● **Stored data**
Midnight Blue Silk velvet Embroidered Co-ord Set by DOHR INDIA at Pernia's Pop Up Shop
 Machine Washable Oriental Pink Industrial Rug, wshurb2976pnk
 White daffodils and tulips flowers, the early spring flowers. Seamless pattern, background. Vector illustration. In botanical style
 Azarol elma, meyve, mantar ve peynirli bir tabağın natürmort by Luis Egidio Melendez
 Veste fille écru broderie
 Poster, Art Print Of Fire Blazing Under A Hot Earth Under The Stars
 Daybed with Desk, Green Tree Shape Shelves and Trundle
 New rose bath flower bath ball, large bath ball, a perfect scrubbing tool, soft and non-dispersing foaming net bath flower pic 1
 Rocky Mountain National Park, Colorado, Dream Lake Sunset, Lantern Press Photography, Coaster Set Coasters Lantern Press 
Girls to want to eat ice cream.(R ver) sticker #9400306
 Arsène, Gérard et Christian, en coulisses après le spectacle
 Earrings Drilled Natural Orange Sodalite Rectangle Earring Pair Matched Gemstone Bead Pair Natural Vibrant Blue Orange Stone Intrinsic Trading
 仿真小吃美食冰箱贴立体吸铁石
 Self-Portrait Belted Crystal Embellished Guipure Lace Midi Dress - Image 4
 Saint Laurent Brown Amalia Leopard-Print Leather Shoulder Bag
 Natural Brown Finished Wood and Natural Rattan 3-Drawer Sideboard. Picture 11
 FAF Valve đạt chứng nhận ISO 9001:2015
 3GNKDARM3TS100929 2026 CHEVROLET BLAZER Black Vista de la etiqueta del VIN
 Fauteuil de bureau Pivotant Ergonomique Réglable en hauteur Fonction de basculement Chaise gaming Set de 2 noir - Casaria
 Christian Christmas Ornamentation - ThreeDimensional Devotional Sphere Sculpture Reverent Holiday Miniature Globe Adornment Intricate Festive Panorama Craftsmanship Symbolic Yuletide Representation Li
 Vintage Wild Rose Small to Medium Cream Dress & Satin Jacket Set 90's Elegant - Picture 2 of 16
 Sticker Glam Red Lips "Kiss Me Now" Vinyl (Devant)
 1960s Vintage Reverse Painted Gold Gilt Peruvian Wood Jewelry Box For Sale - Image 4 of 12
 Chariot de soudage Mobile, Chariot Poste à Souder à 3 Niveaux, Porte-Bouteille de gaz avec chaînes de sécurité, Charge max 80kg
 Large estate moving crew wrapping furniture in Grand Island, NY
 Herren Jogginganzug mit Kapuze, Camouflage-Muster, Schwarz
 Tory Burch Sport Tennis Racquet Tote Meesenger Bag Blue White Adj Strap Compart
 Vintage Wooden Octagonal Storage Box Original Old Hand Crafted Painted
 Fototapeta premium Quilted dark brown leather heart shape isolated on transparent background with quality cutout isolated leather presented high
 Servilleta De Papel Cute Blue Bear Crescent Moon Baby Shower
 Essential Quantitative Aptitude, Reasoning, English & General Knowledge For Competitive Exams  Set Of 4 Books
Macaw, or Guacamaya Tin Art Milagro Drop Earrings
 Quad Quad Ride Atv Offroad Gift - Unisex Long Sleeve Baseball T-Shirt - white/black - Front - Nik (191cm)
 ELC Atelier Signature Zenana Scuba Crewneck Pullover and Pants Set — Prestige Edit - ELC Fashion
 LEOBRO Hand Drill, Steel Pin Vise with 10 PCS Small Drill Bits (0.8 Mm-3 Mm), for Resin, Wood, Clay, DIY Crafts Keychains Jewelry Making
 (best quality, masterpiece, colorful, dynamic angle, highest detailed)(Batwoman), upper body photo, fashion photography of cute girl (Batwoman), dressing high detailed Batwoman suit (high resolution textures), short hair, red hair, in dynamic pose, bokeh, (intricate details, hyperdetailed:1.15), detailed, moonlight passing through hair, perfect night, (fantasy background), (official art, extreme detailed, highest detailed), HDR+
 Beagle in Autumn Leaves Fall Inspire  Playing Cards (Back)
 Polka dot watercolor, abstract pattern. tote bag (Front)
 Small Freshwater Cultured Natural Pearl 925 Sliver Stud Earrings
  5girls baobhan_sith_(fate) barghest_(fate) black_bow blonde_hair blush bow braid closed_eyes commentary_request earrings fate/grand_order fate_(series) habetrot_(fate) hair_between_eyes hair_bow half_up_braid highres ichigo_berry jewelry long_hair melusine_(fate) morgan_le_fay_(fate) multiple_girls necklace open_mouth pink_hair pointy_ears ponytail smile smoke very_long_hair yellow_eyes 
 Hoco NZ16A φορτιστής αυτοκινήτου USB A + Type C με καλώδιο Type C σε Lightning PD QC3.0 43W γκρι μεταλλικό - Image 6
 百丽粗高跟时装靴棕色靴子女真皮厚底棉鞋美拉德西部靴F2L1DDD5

● **Your goal**
Filtering the entries above by the word "with", copy each line that matches.

● **Expected answer**
 Daybed with Desk, Green Tree Shape Shelves and Trundle
 Fototapeta premium Quilted dark brown leather heart shape isolated on transparent background with quality cutout isolated leather presented high
 LEOBRO Hand Drill, Steel Pin Vise with 10 PCS Small Drill Bits (0.8 Mm-3 Mm), for Resin, Wood, Clay, DIY Crafts Keychains Jewelry Making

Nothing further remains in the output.